Joodse ethici lopen vandaag de dag sterk uiteen in hun aanpak van netelige morele kwesties, zoals geboortebeperking, abortus, euthanasie, houding tegenover vrouwen en homoseksuelen, en politieke kwesties zoals de moraliteit van oorlogvoering en de religieuze betekenis van de Staat Israël. Orthodoxe, conservatieve en andere traditionalistische ethici hebben de neiging om bijna volledig te vertrouwen op rabbijnse juridische precedent als de gezaghebbende bron voor het beslissen controversiële morele en ethische vragen. Hierin verschillen ze dramatisch van christelijke ethici wier benadering van dezelfde vragen veel meer theologisch geworteld is, en hervormen Joodse ethici, die zich niet beperkt of gebonden voelen door de klassieke rabbijnse Halacha. Wanneer Joodse ethici bijvoorbeeld abortus bespreken, verwijzen ze niet naar theologische vragen over de aard en oorsprong van de menselijke ziel of wanneer deze voor het eerst is verwekt. In plaats daarvan wenden ze zich tot rabbijnse codes en reacties die, in een veel meer juridische en medisch praktische ader, kwesties van de autonome levensvatbaarheid van een foetus bespreken. Net als de Islam, en in scherp contrast met het christendom, is het Jodendom veel minder bezig met abstracte theologische vragen van het geloof, en richt zich op pragmatische vragen over hoe praktisch de wet van God te vervullen. Dit heeft een diepgaande invloed gehad op de manier waarop Joodse denkers, inclusief de niet-orthodoxe, “ethiek doen.”

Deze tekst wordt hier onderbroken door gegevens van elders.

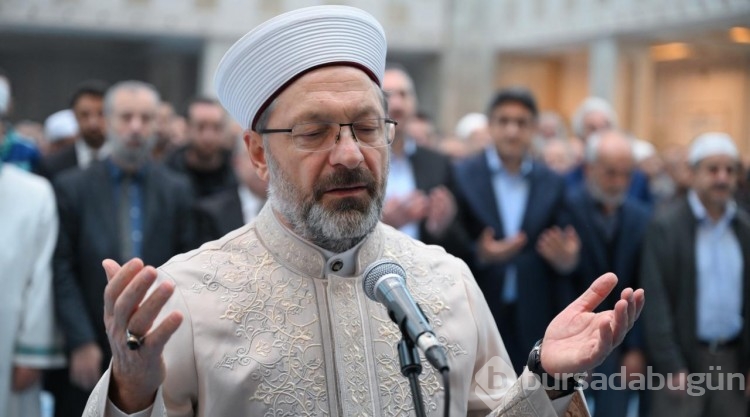 Yurt genelinde hayatını kaybeden Filistinliler için gıyabi cenaze namazı kılındı
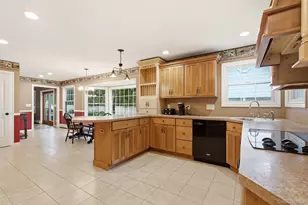 83 Hedgerow, Commack, NY 11725 - Photo 7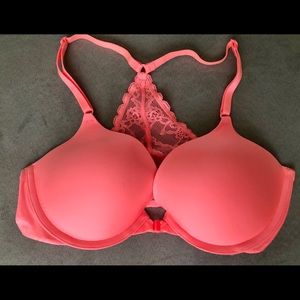 LIKE NEW VICTORIAS SECRET PUSH UP BRA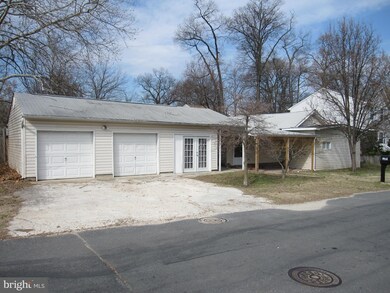 766 207th St, Pasadena, MD 21122 - photo 2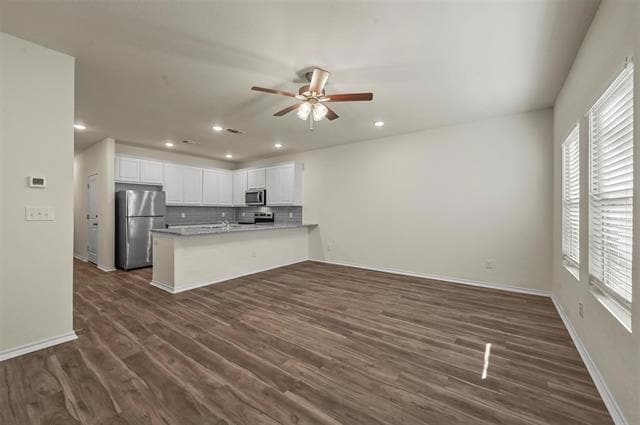 Building Photo - 105 4th St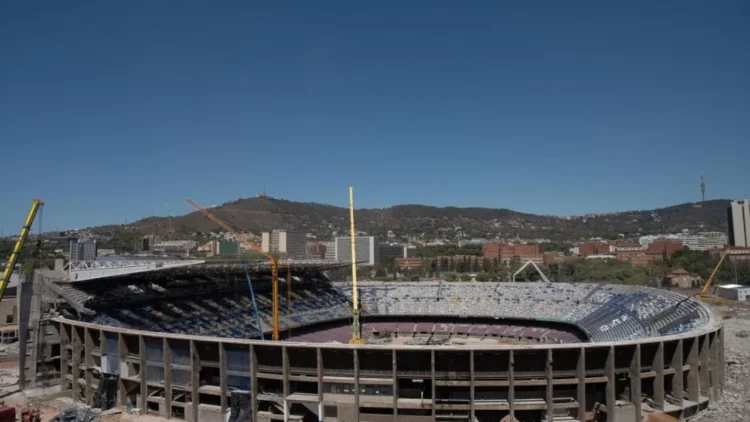 (VIDEO) Punëtorët shqiptarë dhe rumunë, përplasen në kantierin e Camp Nou, 6 të plagosur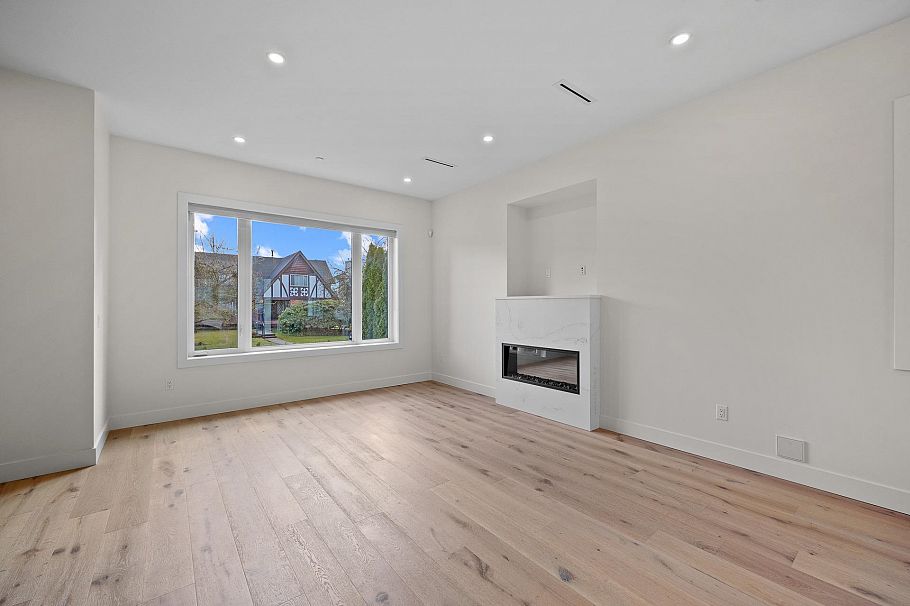 6011 Fremlin Street Vancouver, BC - 14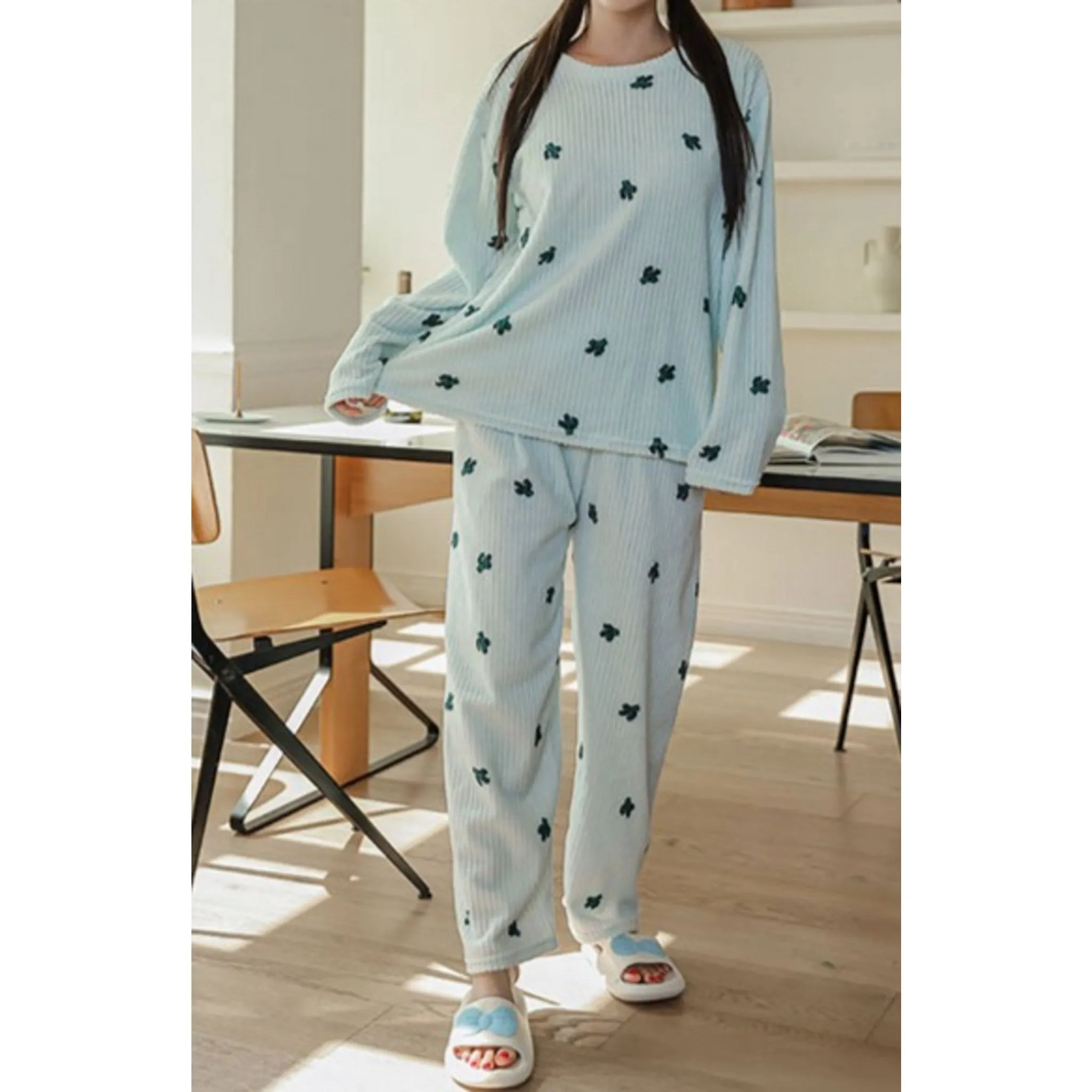 Glam Empathy Posing Round Fleece Microfiber Sleepwear - Pajamas - 🏆 #59 - Clothing/Accessories - Best of December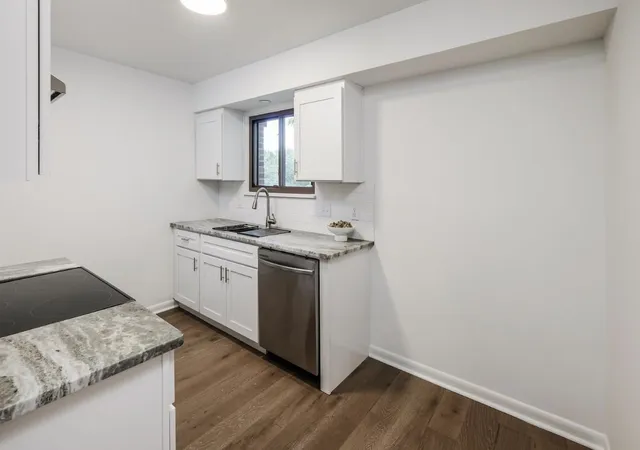 Photo 4 of Townhouse for sale at 14 Briargate Pl, Greenville, SC 29615 | MLS# SPN341068 | Listing updated on 2026-09-30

doctrinaire vragen worden meestal irrelevant geacht, of hoogstens tangentieel, in het nadenken over ethische dilemma ‘ s zoals de toelaatbaarheid van menselijke stamcelonderzoek. Aangezien de rabbijnen erkennen dat er geen manier is om te bepalen wanneer een ziel het menselijk lichaam binnenkomt of verlaat, worden de grote ethische vragen over het domein van het leven, variërend van het beëindigen van de zwangerschap van een vrouw die het geboorteproces misschien niet overleeft, tot het verwijderen van de levensondersteuning voor een patiënt die vrijwel zeker nooit meer bij bewustzijn zal komen, door rabbijnen en Joodse ethici doorverwezen naar de juiste medische experts, op basis van wiens mening zij de algemene principes toepassen met betrekking tot de waardigheid van het leven.

Onderzoeksvragen:
1. Wat is minhag? Waarom is het belangrijk om te overwegen bij het bespreken van de correlatie tussen ritueel en ethiek?
2. Wat is de Halakha? Hoe helpt het het dagelijks leven vorm te geven?
3. Hoe worden ethische vragen beantwoord binnen de hedendaagse Joodse samenleving?

Geef een antwoord

Het e-mailadres wordt niet gepubliceerd.